▶ AVAILABLE DATA:
Segment Open

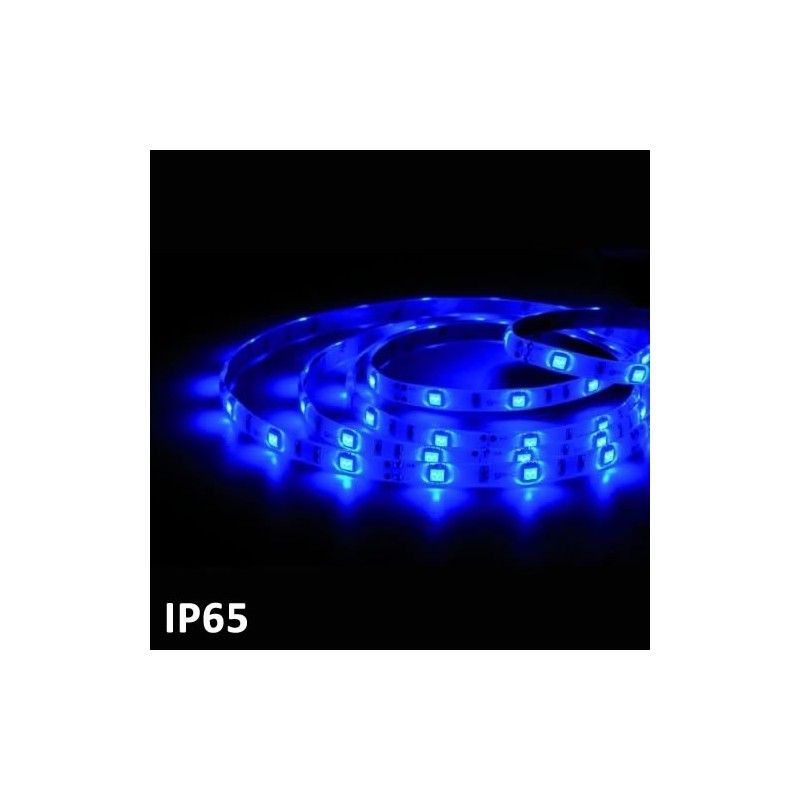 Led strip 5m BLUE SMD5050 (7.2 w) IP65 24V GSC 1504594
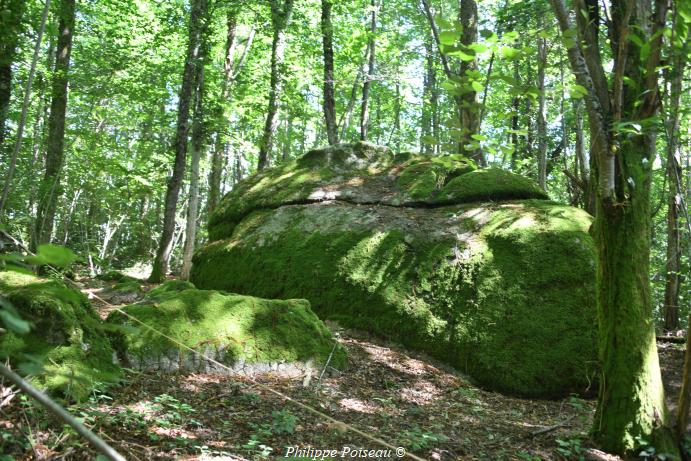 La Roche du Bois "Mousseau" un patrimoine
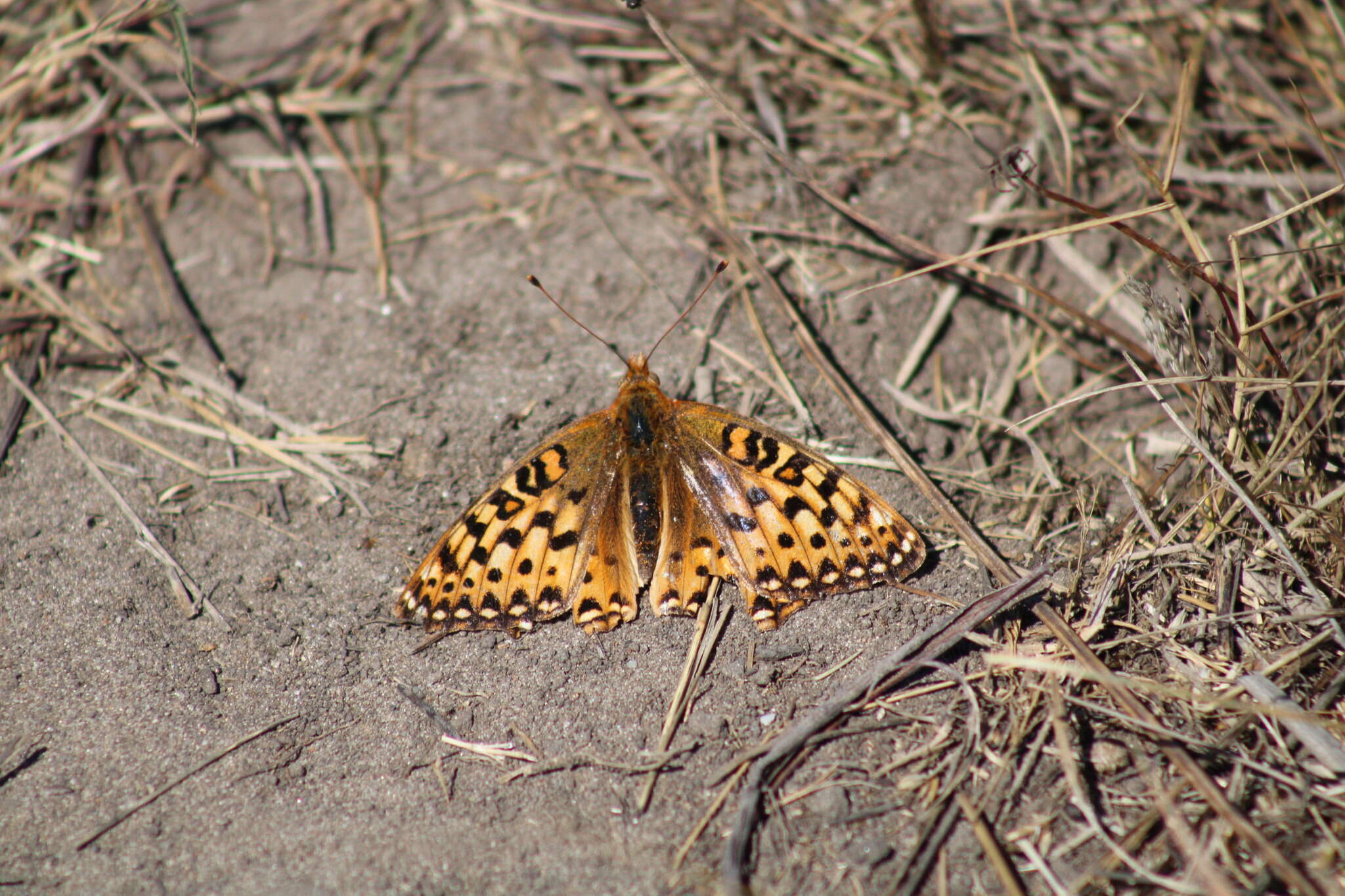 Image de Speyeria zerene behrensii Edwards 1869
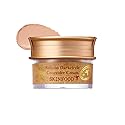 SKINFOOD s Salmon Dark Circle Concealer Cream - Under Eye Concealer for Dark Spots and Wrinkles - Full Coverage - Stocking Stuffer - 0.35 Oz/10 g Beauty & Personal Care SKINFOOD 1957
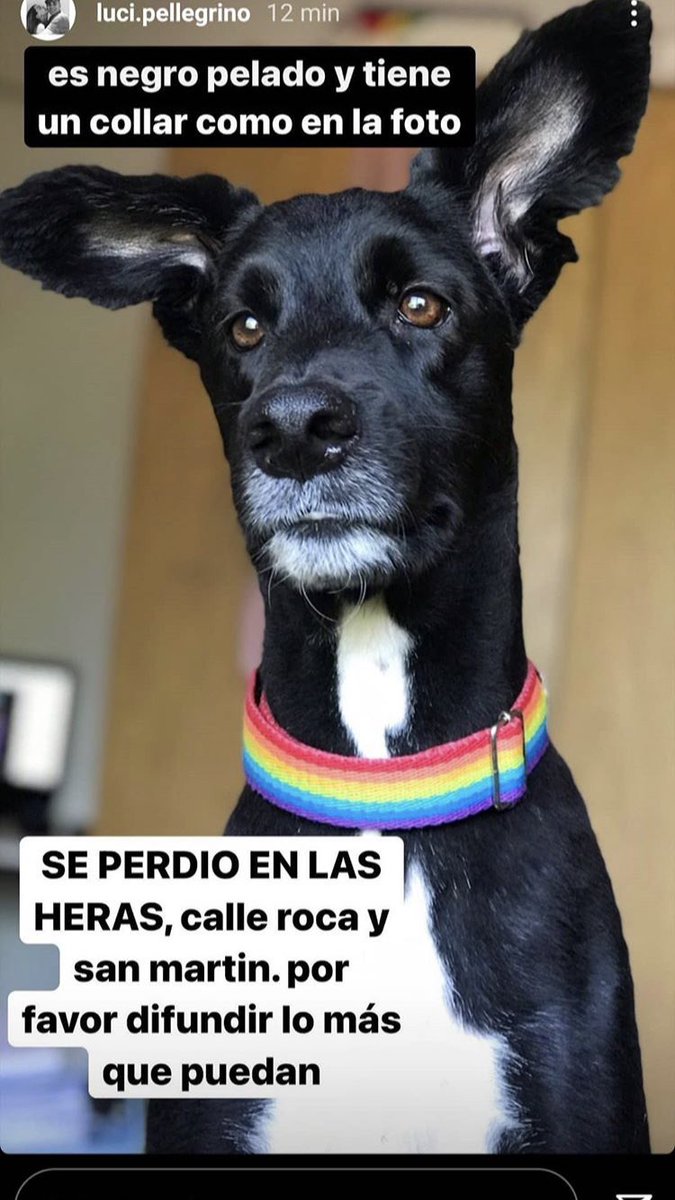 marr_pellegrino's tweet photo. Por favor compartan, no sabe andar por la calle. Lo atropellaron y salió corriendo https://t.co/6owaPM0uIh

Segment Closed
Segment Open

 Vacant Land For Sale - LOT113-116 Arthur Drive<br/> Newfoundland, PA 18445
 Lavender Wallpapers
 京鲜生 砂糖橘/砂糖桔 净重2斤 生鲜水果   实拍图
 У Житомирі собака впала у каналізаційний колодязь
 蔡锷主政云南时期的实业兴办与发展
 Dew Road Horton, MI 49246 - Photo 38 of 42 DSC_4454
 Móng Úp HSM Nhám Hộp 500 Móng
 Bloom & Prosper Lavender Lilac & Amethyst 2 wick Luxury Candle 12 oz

Segment Closed

▶ WHAT THIS TASK INVOLVES: Your answer must be everything above from the line with "Image de Speyeria" down to the line with "marr_pellegrino's tweet photo.", word for word, and no pictures.

▶ RESPONSE:
 Image de Speyeria zerene behrensii Edwards 1869
 SKINFOOD s Salmon Dark Circle Concealer Cream - Under Eye Concealer for Dark Spots and Wrinkles - Full Coverage - Stocking Stuffer - 0.35 Oz/10 g Beauty & Personal Care SKINFOOD 1957
 marr_pellegrino's tweet photo. Por favor compartan, no sabe andar por la calle. Lo atropellaron y salió corriendo https://t.co/6owaPM0uIh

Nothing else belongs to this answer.